Could the records below be restated word for word, without a single picture?

*** Opening RECORDS FOR THE EXERCISE ***

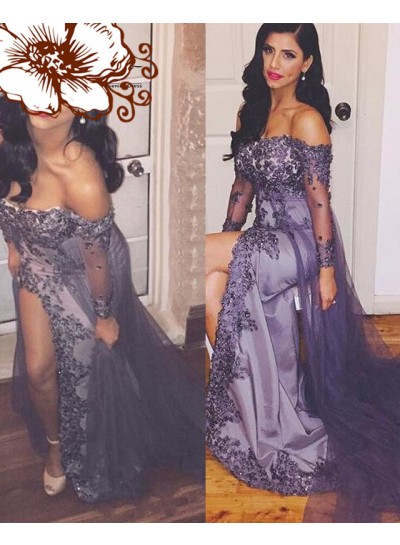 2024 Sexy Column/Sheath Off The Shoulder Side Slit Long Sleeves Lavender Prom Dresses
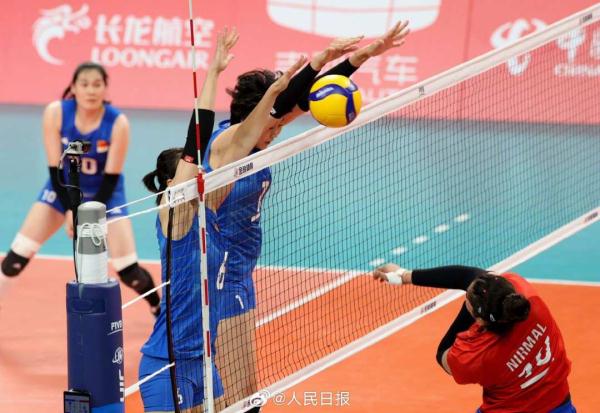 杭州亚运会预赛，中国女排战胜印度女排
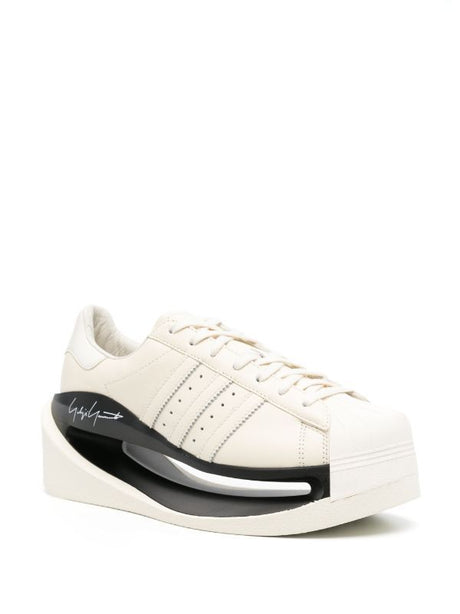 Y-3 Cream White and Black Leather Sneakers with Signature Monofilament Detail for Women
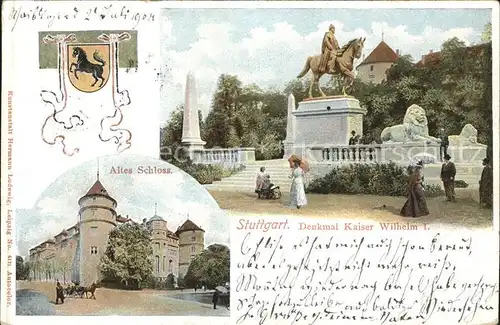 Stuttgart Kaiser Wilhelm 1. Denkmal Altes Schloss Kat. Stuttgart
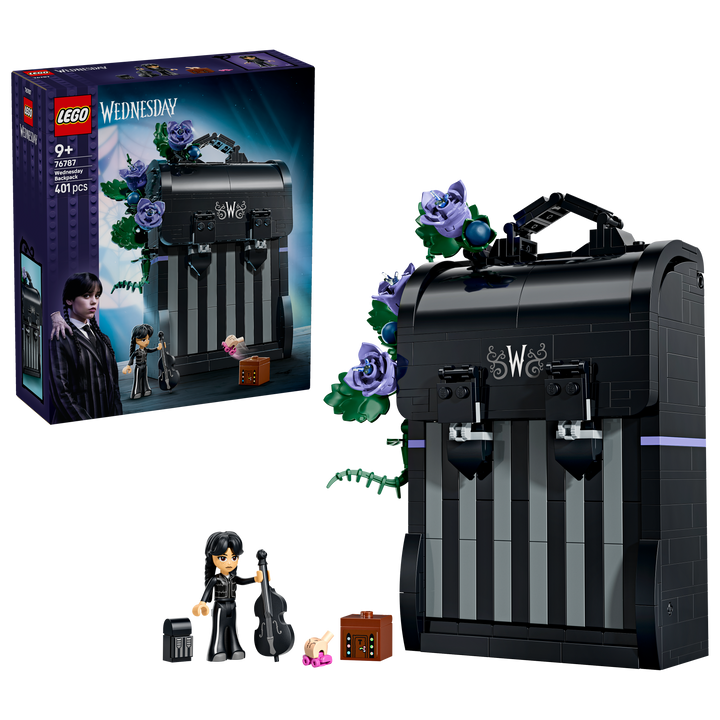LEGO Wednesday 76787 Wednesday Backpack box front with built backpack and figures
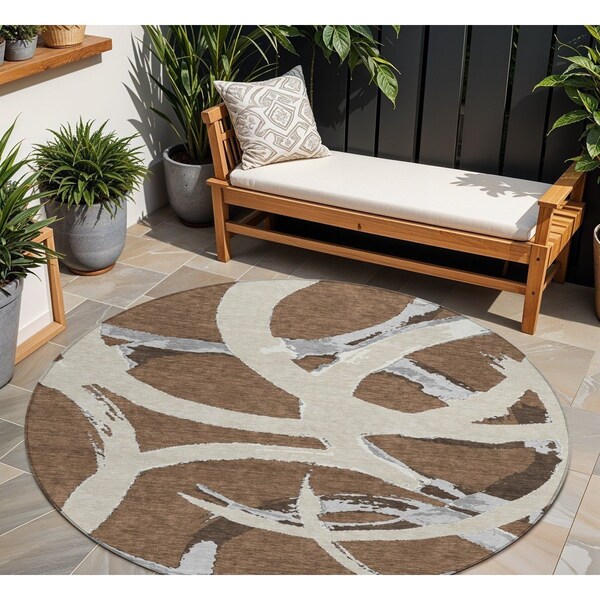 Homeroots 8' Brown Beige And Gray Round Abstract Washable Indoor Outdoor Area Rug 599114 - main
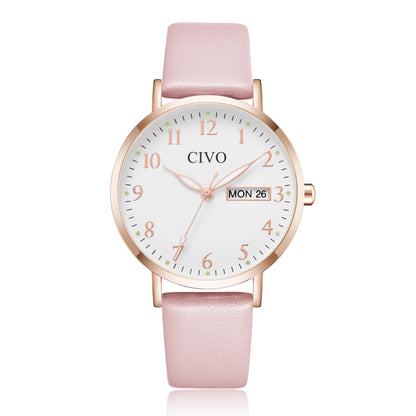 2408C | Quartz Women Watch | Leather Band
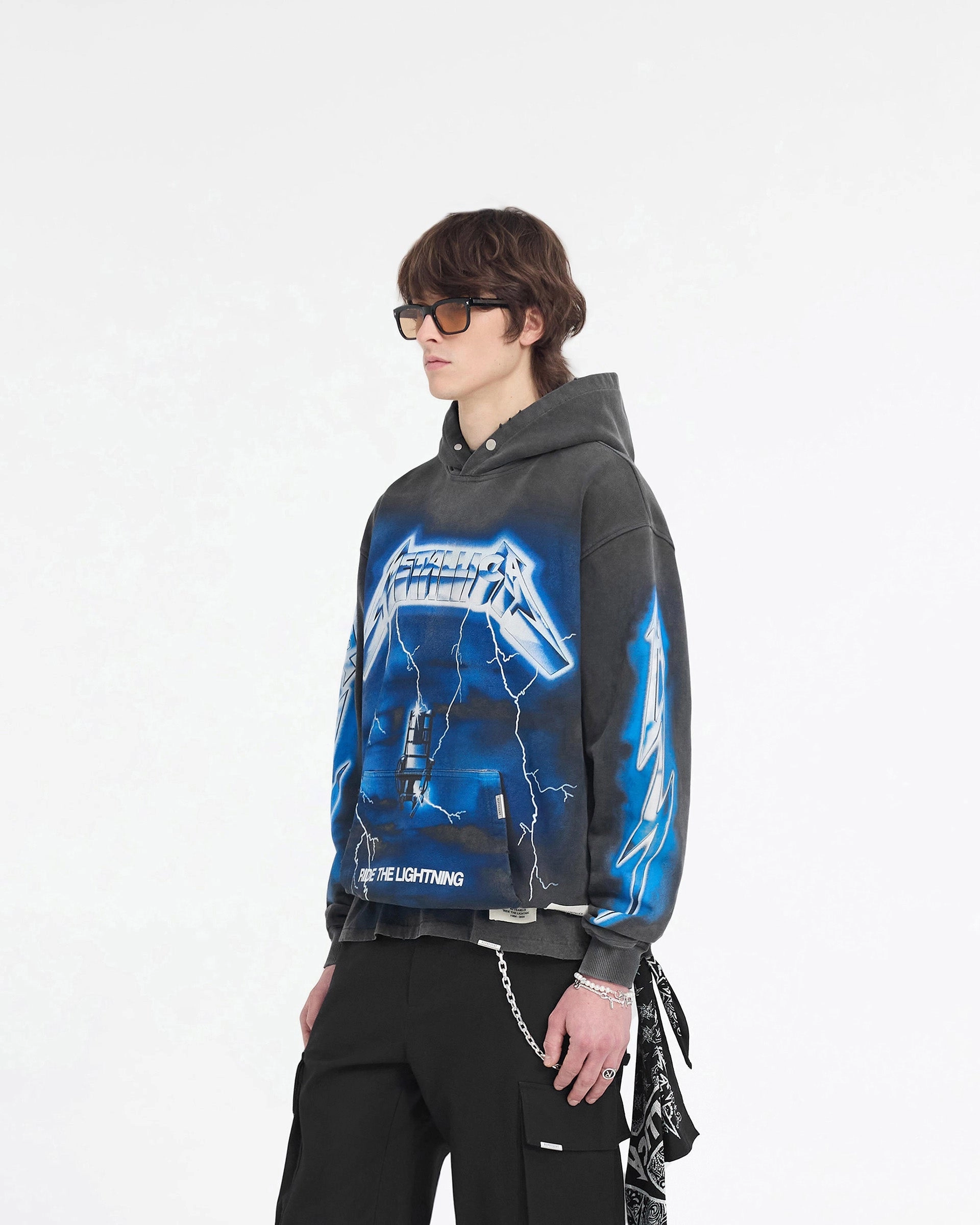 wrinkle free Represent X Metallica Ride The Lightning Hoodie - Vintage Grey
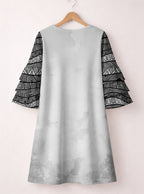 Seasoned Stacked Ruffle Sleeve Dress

*** Closing RECORDS FOR THE EXERCISE ***

▶ **RESPONSE**:
 2024 Sexy Column/Sheath Off The Shoulder Side Slit Long Sleeves Lavender Prom Dresses
 杭州亚运会预赛，中国女排战胜印度女排
 Y-3 Cream White and Black Leather Sneakers with Signature Monofilament Detail for Women
 Stuttgart Kaiser Wilhelm 1. Denkmal Altes Schloss Kat. Stuttgart
LEGO Wednesday 76787 Wednesday Backpack box front with built backpack and figures
 Homeroots 8' Brown Beige And Gray Round Abstract Washable Indoor Outdoor Area Rug 599114 - main
 2408C | Quartz Women Watch | Leather Band
 wrinkle free Represent X Metallica Ride The Lightning Hoodie - Vintage Grey
 Seasoned Stacked Ruffle Sleeve Dress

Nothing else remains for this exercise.